Dalam pertemuan tersebut, Yota Balad menyampaikan bahwa hasil pendataan terbaru menunjukkan sebanyak 1.912 rumah di Kota Pariaman masih tergolong tidak layak huni.
“Kami telah mendata RTLH di Kota Pariaman dan ditemukan 1.912 rumah yang tidak memenuhi standar kelayakan. Karena itu, kami mengusulkan bantuan pembangunan RTLH kepada Kemen PKP agar masyarakat bisa mendapatkan tempat tinggal yang lebih layak dan sehat,” ujar Yota Balad.

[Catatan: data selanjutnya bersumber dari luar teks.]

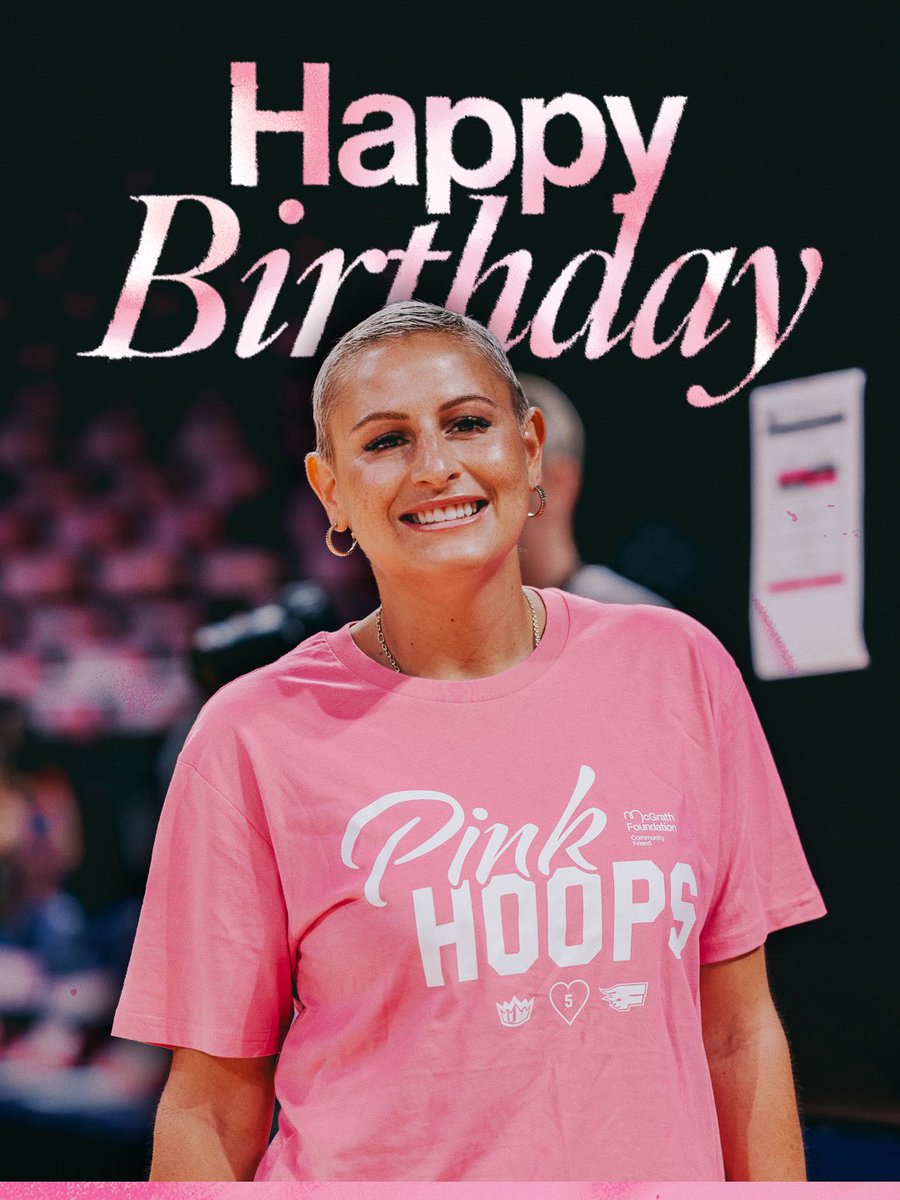 Sydney Flames tweet media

Selain RTLH, Pemko Pariaman juga mengajukan pembangunan Rumah Susun Negara (Rusun) yang ditujukan bagi ASN di lingkungan pemerintah kota yang belum memiliki rumah pribadi, terutama mereka yang berpenghasilan rendah.
“Banyak ASN di Kota Pariaman yang belum memiliki rumah sendiri. Maka kami mengusulkan pembangunan rumah susun negara agar para pegawai memiliki hunian layak, sekaligus mendukung semangat kerja mereka,” tambah Yota Balad.
Pengusulan program ini merupakan bagian dari komitmen Pemerintah Kota Pariaman dalam meningkatkan kualitas permukiman masyarakat dan menyediakan hunian yang aman, layak, dan terjangkau, baik bagi masyarakat umum maupun kalangan ASN.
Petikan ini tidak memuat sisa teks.